Des répercussions bien au-delà de l’Arctique
La fonte accélérée des glaces au Groenland participe activement à l’élévation du niveau des mers, ce qui menace les zones côtières partout dans le monde. Mais les conséquences ne s’arrêtent pas là :
- Les bouleversements climatiques de mai 2025 se sont accompagnés de records climatiques au Royaume-Uni, ainsi que d’une sécheresse sévère au Danemark et aux Pays-Bas, mettant en péril l’agriculture et l’approvisionnement en eau potable.
- Les océans n’ont pas été épargnés : la température moyenne de surface a atteint 20,79°C, faisant de mai 2025 le deuxième mois de mai le plus chaud jamais enregistré pour les mers du globe.
- Des canicules marines ont touché le nord-est de l’Atlantique nord et la Méditerranée, entraînant migrations d’espèces, mortalité accrue et dégradation des écosystèmes marins.
L’ensemble de ces phénomènes démontre la complexité et l’ampleur des répercussions liées au réchauffement de l’Arctique.
Le climat mondial toujours sous pression
Si le mois de mai 2025 a vu la température moyenne mondiale s’établir à 15,79°C – légèrement inférieure au record de mai 2024, mais supérieure à celle de mai 2020 – le réchauffement global demeure intense. D’après l’observatoire européen Copernicus, ce mois a mis en pause une série de 21 mois sur 22 où le réchauffement dépassait le seuil de 1,5°C par rapport à l’ère préindustrielle – un seuil clé de l’Accord de Paris.
Ce répit est cependant jugé temporaire par de nombreux experts. Carlo Buontempo, directeur du service du changement climatique de Copernicus (C3S), rappelle que la tendance de long terme reste à la hausse, et que le risque de dépasser durablement le seuil de 1,5°C est toujours présent.
Des infrastructures mises à l’épreuve et des modes de vie bouleversés
Au-delà des constats scientifiques, les habitants du Groenland et de l’Islande doivent adapter leur quotidien. Les infrastructures, pensées pour résister à des températures froides, se retrouvent vulnérables lorsqu’elles sont exposées à la chaleur et à la fonte subite des glaces.

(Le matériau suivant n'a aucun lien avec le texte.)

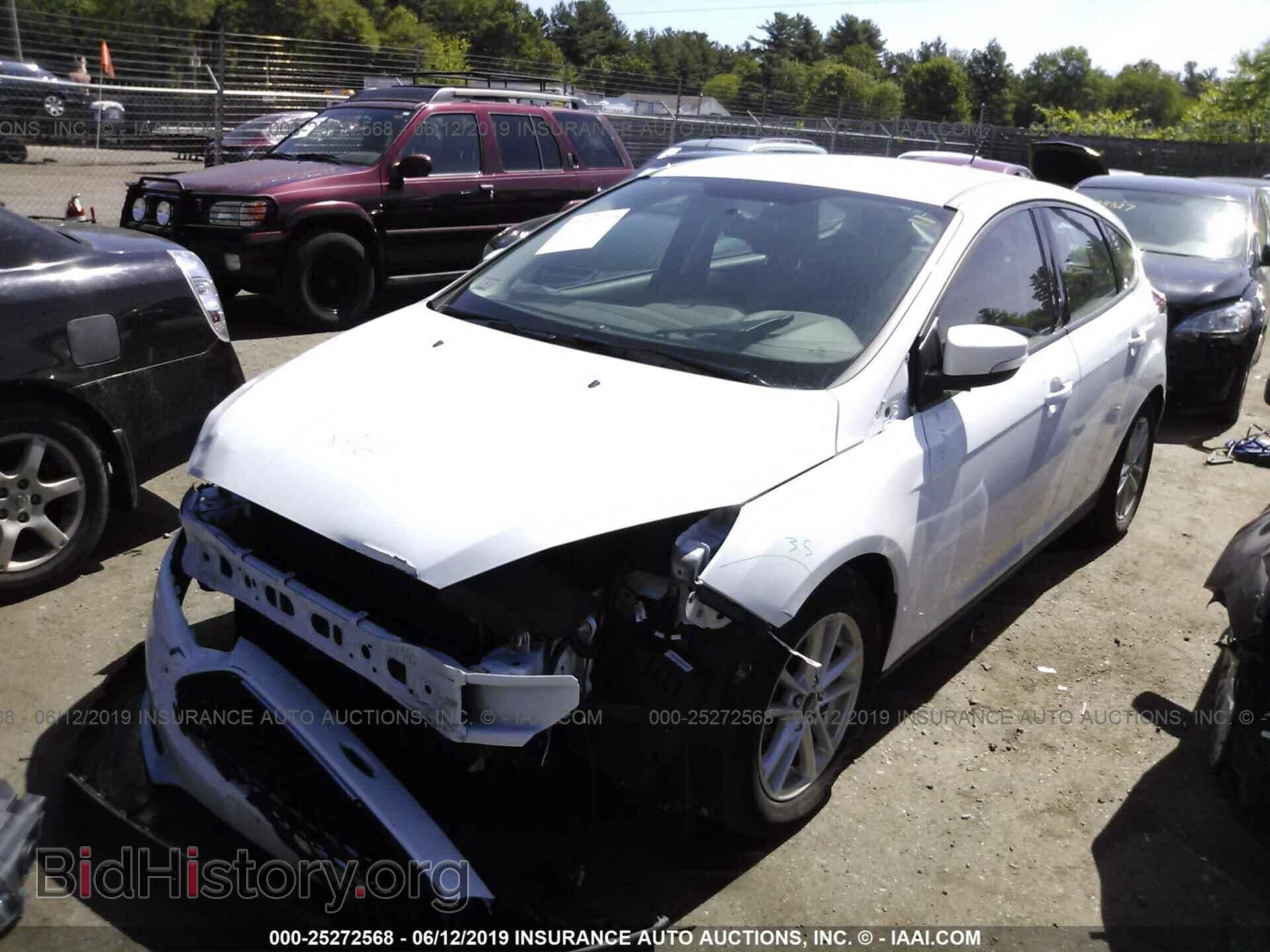 2017 FORD FOCUS - VIN: 1FADP3K25HL335235 - Фото 2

Cela peut provoquer des inondations, des dégâts sur les routes et sur les bâtiments.
Les communautés autochtones, qui vivent avec la glace depuis des générations, voient leurs repères bouleversés. Le changement climatique impose de nouvelles réalités, transformant la chasse, la pêche et l’accès aux ressources naturelles.
Des écosystèmes océaniques fragilisés
L’impact du réchauffement ne se limite pas à la terre ferme. Les canicules marines enregistrées au nord-est de l’Atlantique nord et en Méditerranée en mai 2025 ont provoqué des perturbations importantes :
- Migrations anormales de certaines espèces marines
- Augmentation de la mortalité dans la faune aquatique
- Dégradation générale des écosystèmes et réduction de la biodiversité
- Diminution de la distribution des nutriments dans les eaux océaniques
Ces phénomènes rappellent la vulnérabilité des océans face aux changements climatiques et la nécessité d’une attention particulière à leur préservation.
Acteurs et sources à l’origine de l’alerte
Plusieurs institutions et spécialistes se mobilisent pour mieux documenter et comprendre ces évolutions :
- World Weather Attribution (WWA), réseau scientifique à l’origine du signalement de la fonte accélérée
- Friederike Otto, scientifique de l’Imperial College de Londres, co-autrice du rapport WWA
- Institut météorologique islandais, pour les relevés de température locaux
- Observatoire Copernicus, pour le suivi des températures mondiales et océaniques
- Carlo Buontempo, directeur du service du changement climatique de Copernicus (C3S)
- Revue scientifique Nature, citée pour l’accélération du réchauffement arctique
La sensibilisation à ces enjeux est également renforcée dans le contexte de la Conférence des Nations Unies sur l’Océan (Unoc).